Ricordo ancora la prima volta che inserii il disco di Metal Gear Solid 3. Era il 2004, il televisore a tubo catodico occupava mezza mansarda e svettava glorioso nel mio setup di console, stereo, divano sfondato e minifrigo, sapevo cosa aspettarmi avendo giocato i capitoli precedenti, ma vedere Snake togliersi la maschera per qualche secondo mi sembrò un film…il serpente stava cambiando ancora una volta la pelle, pur rimanendo lo stesso.

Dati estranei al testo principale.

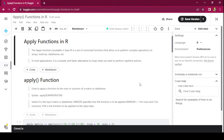Hello everyone. In this video we'll be talking about apply functions in R. The apply functions available in base R is a set of vectorized functions that allow us to perform complex operations on arrays, matrices, data frames, etc.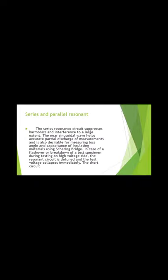Series Resonant consists of suppression of harmonics and interference to maintain sinusoidal waveform. This describes measuring loss angle and capacitance of insulating material using Schering bridge.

Delta riapre quella stessa porta, vent’anni dopo; il divano è cambiato e in parte anche io. Non c’è più il tubo catodico, ma un oled di grosse dimensioni che troneggia in mezzo al mio setup di console e stereo, ho sicuramente meno tempo, qualche cicatrice extra e molti kilometri in più, ma quando vedo Snake togliersi la maschera e guardare in camera, per me è tutto come lo avevo lasciato, come rivedere un vecchio amico.

 Rituali di sopravvivenza

La prima volta che mi tagliai un braccio nel gioco e dovetti suturarlo manualmente rimasi scioccato; era strano: nessun altro titolo mi obbligava a guardare le ferite in faccia. E mi chiesi: “Perché devo farlo io?”.
Oggi, in Delta, quella stessa azione ritorna, ma più fluida, meno macchinosa. Eppure resta un gesto pesante. Ti ricorda che Snake non è un superuomo: è carne che sanguina, stomaco che brontola, polmoni che respirano.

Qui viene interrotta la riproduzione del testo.